いいか、コイツは狐、コイツは狐、コイツは狐!
ん……う……。

 最初に出会った夜はともかく、ヨウコが妖狐だと分かってからは、僕はしっかり自分の布団で寝ていた。ヨウコはというと、狐だという分を弁えて、すぐそばで丸くなって寝ていた。

 それで、よかったのだ。

そうだ、今度は背筋……いや、腹筋だな。畳に身体すりつけるのは、ちょっと。
むにゃ……。いいよ、お兄ちゃん。
な……。
アタシが畳で……。
……びっくりさせんな。

 ところがその晩に限って、僕は妙にヨウコを女の子として意識していた。
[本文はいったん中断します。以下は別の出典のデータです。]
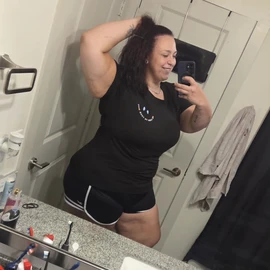 Sandrah Megan profile image
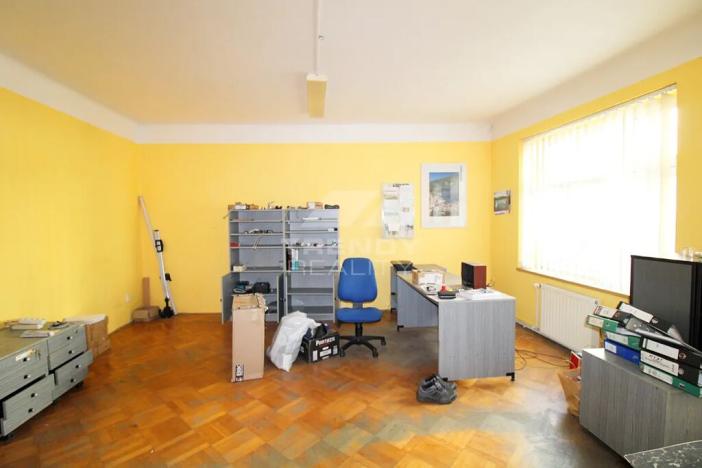 Prodej obchodního prostoru, Plzeň, Pod Všemi svatými, 450 m2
遠慮するのを強引に僕の布団で寝かせて、自分はその傍で腹筋背筋腕立て伏せをやって過ごしたのだ。

まだまだ……ふっ! ふっ!
くう……くう……。
こいつ、でも、結婚、できるのか……人間と? たとえば、僕とも? まさか。
ふふ……。

 そんなことが気になったのは、狐の嫁入りの話なんか聞いたせいかもしれない。

 結局、途中で息が苦しくなって気を失い、気が付いたら朝になっていた。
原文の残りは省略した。